Die anthroposophisch orientierte Glaubensgemeinschaft kann die kleine Gemeinde vor Ort nicht mehr weiterführen. Die Michaelkirche ist mittlerweile geschlossen. Das Grundstück mit Gottes- und Gemeindehaus soll verkauft werden. Die Stadt ist im Gespräch mit den Verantwortlichen.

Die Michaelkirche und das Gemeindehaus liegen oberhalb der Villa Franck. Sie sollen nun samt Grundstück verkauft werden. Foto: Florian Muhl

© Florian Muhl

Die Michaelkirche und das Gemeindehaus liegen oberhalb der Villa Franck. Sie sollen nun samt Grundstück verkauft werden. Foto: Florian Muhl

Von Christine Schick

Murrhardt. Nach 70 Jahren Christengemeinschaft in Murrhardt steht nun der Abschied bevor: Zur Jahresmitte wird die Glaubensgemeinschaft die Walterichstadt verlassen. Einige Schritte sind bereits vollzogen. Wie Pfarrerin Bettina Glas, die seit dreieinhalb Jahren die kleine Murrhardter Gemeinde betreut, berichtet, wurde die letzte Menschenweihehandlung, wie die Messe bei der Christengemeinschaft heißt, am 21. Mai gefeiert. Danach wurde die Weihe des Kultusraumes, sprich der Michaelkirche, zurückgenommen, da sie aufgegeben wird und mit dem Gemeindehaus sowie Grundstück verkauft werden soll. Bis Ende Juni wollen die Verantwortlichen alles ausgeräumt haben.
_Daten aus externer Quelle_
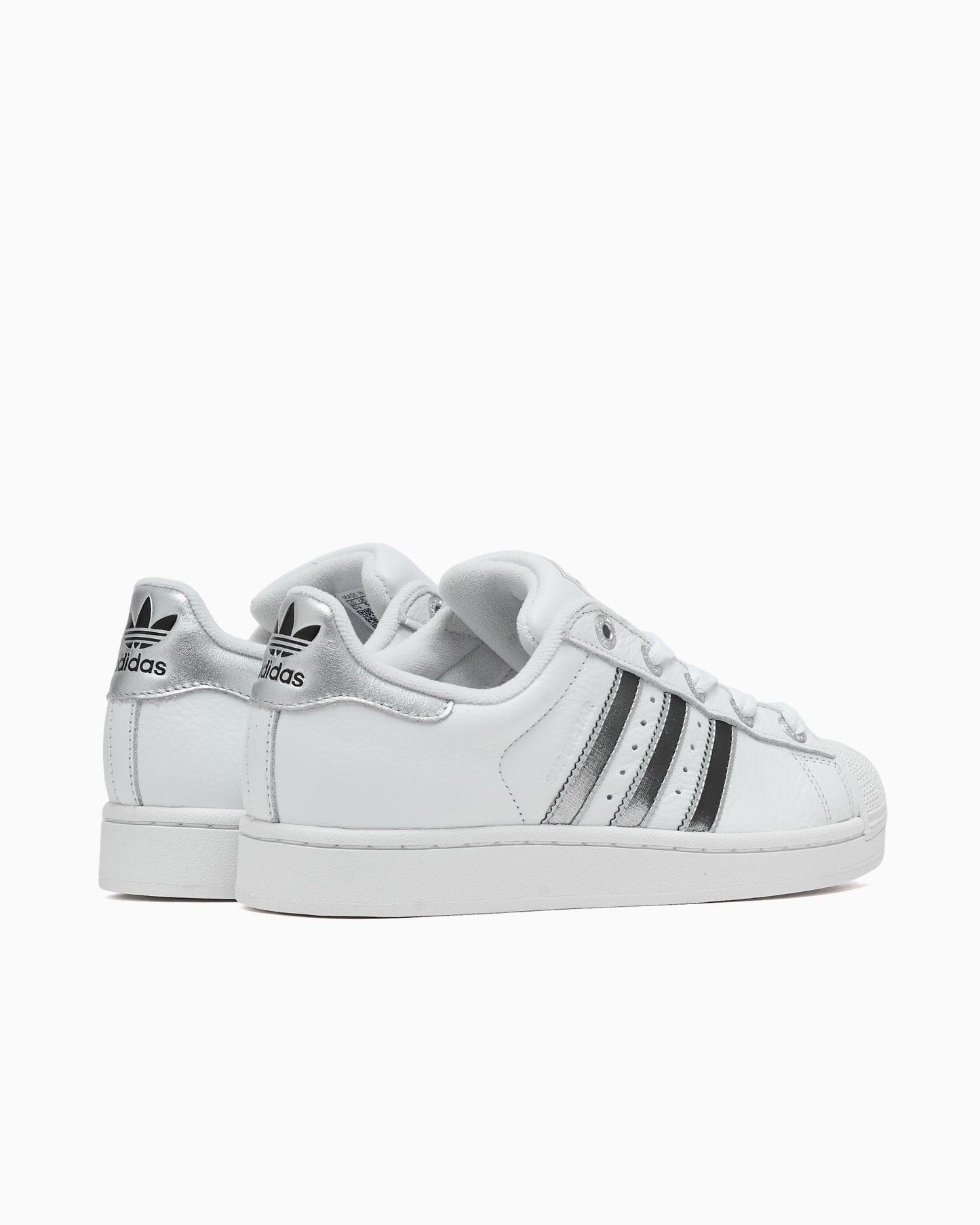 adidas Originals Women's Superstar II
Dass die Murrhardter Gemeinde aufgelöst werden musste, ist letztlich auch eine Folge der Insolvenz des Hauses Hohenstein vor acht Jahren. Das Alters- und Pflegeheim in Trägerschaft der Christengemeinschaft hatte damals einen Erweiterungsbau – Haus Raphael – in Angriff genommen und war in die Zahlungsunfähigkeit geraten. Die Anfänge der Murrhardter Gemeinde gehen bis in die Nachkriegszeit zurück. Ursprünglich hatte die Christengemeinschaft die Villa Franck erworben und dort eine Lebensgemeinschaft im Alter mit anthroposophischem Hintergrund begründet. Über die Jahrzehnte entwickelte sich nicht nur ein Seniorenheimkomplex mit mehreren Gebäuden, sondern auch die Christengemeinschaft Murrhardt mit eigener Kirche und einem Pfarrhaus auf dem über der Stadt gelegenen großen Grundstück inklusive einer Parkanlage, die noch aus Robert Francks Zeiten stammt.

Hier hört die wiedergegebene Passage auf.